DATA PROVIDED:
---+---
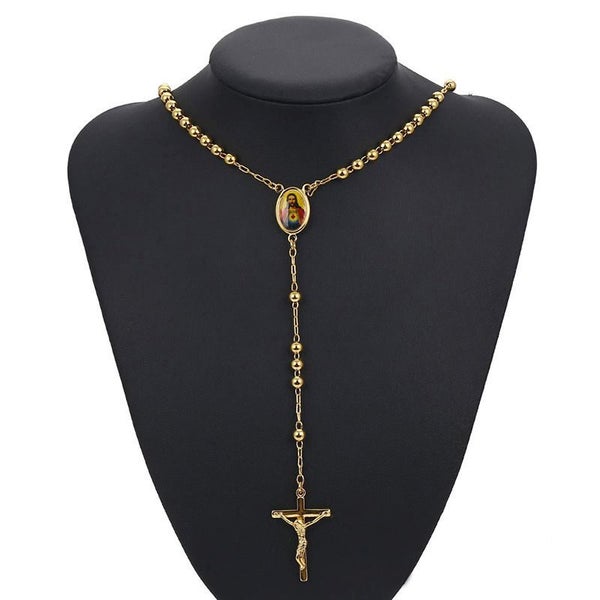 Gorgeous 18k Golden Rosary Necklace Carousel 2
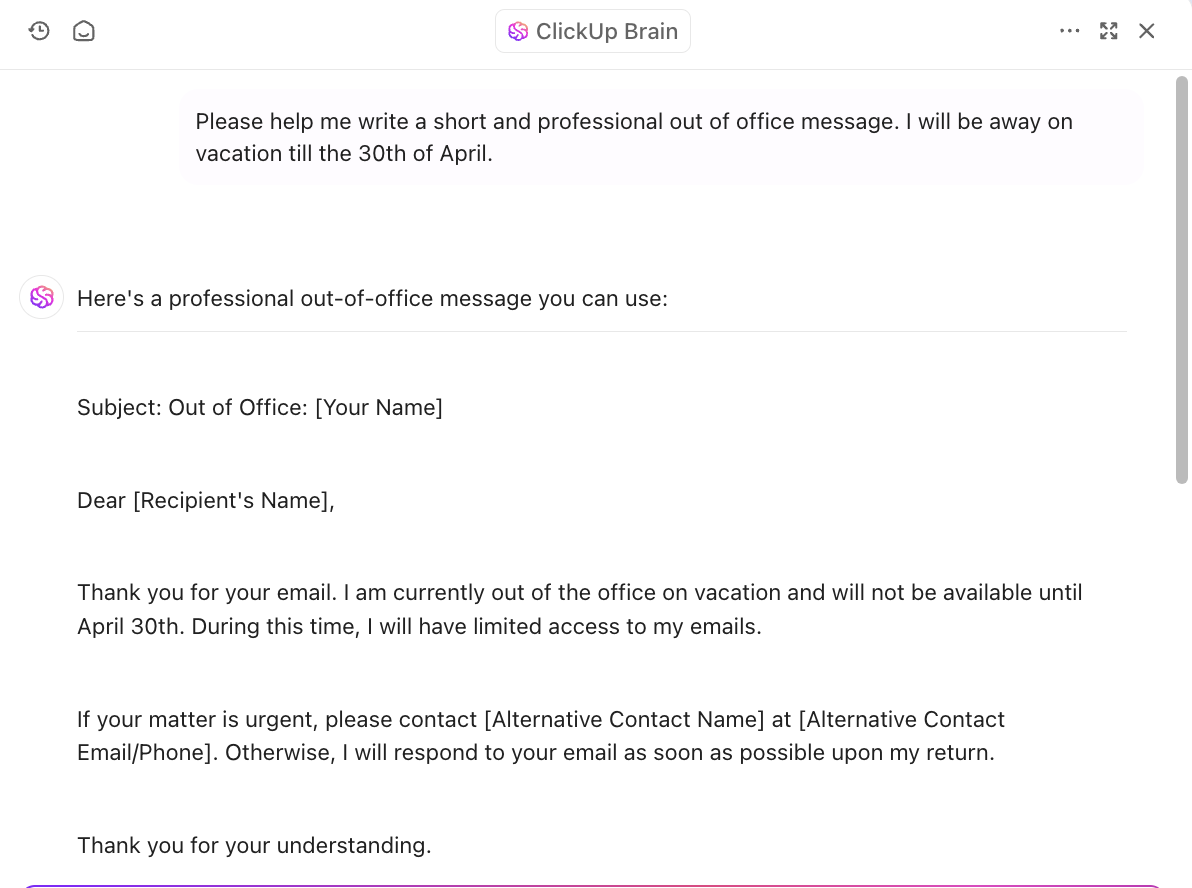 Outgoing Email Message Examples 100 Professional Out-of-Office Message Examples | ClickUp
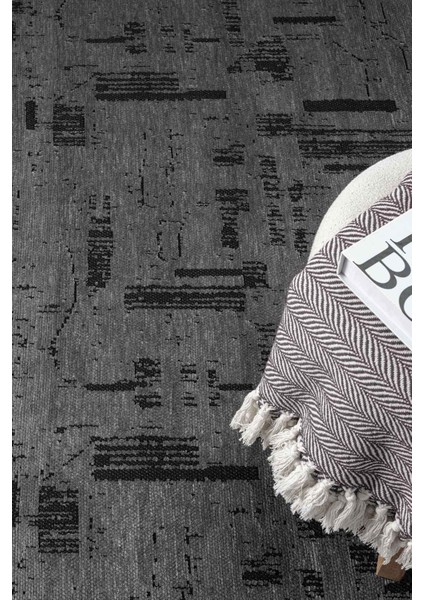 Eko Antrasit Kaymaz Taban Kilim Balkon Mutfak Oturma Odası Halısı Yoluk Eko115 100 x 300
---+---
WHAT THE TASK ASKS: Output all of the data above exactly; no pictures should appear.

TASK RESULT:
 Gorgeous 18k Golden Rosary Necklace Carousel 2
 Outgoing Email Message Examples 100 Professional Out-of-Office Message Examples | ClickUp
 Eko Antrasit Kaymaz Taban Kilim Balkon Mutfak Oturma Odası Halısı Yoluk Eko115 100 x 300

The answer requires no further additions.